Le bilan de Buenos Aires
Nous terminons notre séjour de trois mois à Buenos Aires, en Argentine. Dimanche 12 juillet, nous traversons en Uruguay pour deux mois et demi. Maintenant, je vais vous donner mon appréciation de cette grande ville.
Je vais commencer par plusieurs petites choses que j’ai vraiment appréciées ici. Le “dulce de leche”. Je ne suis pas la seule à l’avoir apprécié : mon amie a ramené un pot au Québec. Ce caramel magique qui se mange autant sur des toasts, des fruits ou simplement seul. Haha ! J’en ai peut‑être abusé, mais c’est trop bon. Autre délice, au restaurant, j’ai presque toujours pris leur limonade menthe‑gingembre faite maison. C’est tellement rafraîchissant. Je n’imagine même pas combien cela doit être délicieux l’été quand il fait chaud. Sinon, une autre petite pépite des restaurants, car c’est fait sur place et non commercial, c’est leur sauce pour les viandes. Il y en a trois types : la provenzal (mélange de fines herbes et d’huile), le chimichurri (mélange de fines herbes, piment et d’huile) et la dernière, une salsa genre bruschetta. C’est une façon d’ajouter de la saveur, car ici les gens ne mangent pas épicé. Ici, le poivre n’existe pas, car c’est trop fort, ça vous donne une idée. J’ai bien aimé le maté, mais je préfère le maté cocido. La différence, c’est la quantité de maté qui change. La quantité de maté cocido est équivalente à une poche de thé ; sinon, un vrai maté, c’est 3/4 de la tasse de maté et c’est trop intense à mon goût.


Ce que j’ai aimé le plus pour une ville, ce sont les nombreux espaces verts et ses arbres. Dans plusieurs grandes voies de circulation, il y a de magnifiques arbres matures. C’est magnifique et je sais aussi que ça aide pour les îlots de chaleur. Aussi les nombreux parcs : dans la majorité d’entre eux, il y a des jeux pour enfants qui sont vraiment bien, des stations de sport et de nombreux bancs. Les citadins les utilisent vraiment. Si tu passes près de l’un d’eux après l’école, ils sont remplis de familles et d’enfants qui jouent. Il y a autant d’adultes qui en profitent. Tu peux voir plein de groupes d’amis, de couples et de gens seuls qui profitent du soleil et du temps ensemble. J’aime bien y aller aussi et prendre le temps de voir les oiseaux et profiter du soleil.

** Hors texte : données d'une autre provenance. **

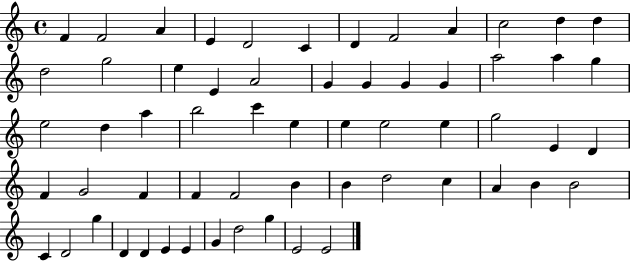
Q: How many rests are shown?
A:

Le transport en commun ici est vraiment efficace. Le nombre de bus qui passent près de notre logement et la fréquence sont assez incroyables. Ici, le transport en commun est très important, car une grande majorité de travailleurs l’utilise. Surtout quand le gaz est à 2 $ et plus le litre. Ici, pour aider à garder un prix assez bas, tu paies ton billet de bus en fonction de la distance. Donc utilisateur payeur. Cela a été un petit défi pour nous, car tu dois dire ta destination au chauffeur quand tu entres dans l’autobus. Autre point positif, les bus, le métro et le train sont vraiment propres. Le seul bémol pour les bus, il y a des chauffeurs qui ont vraiment le pied pesant, parfois ça secoue.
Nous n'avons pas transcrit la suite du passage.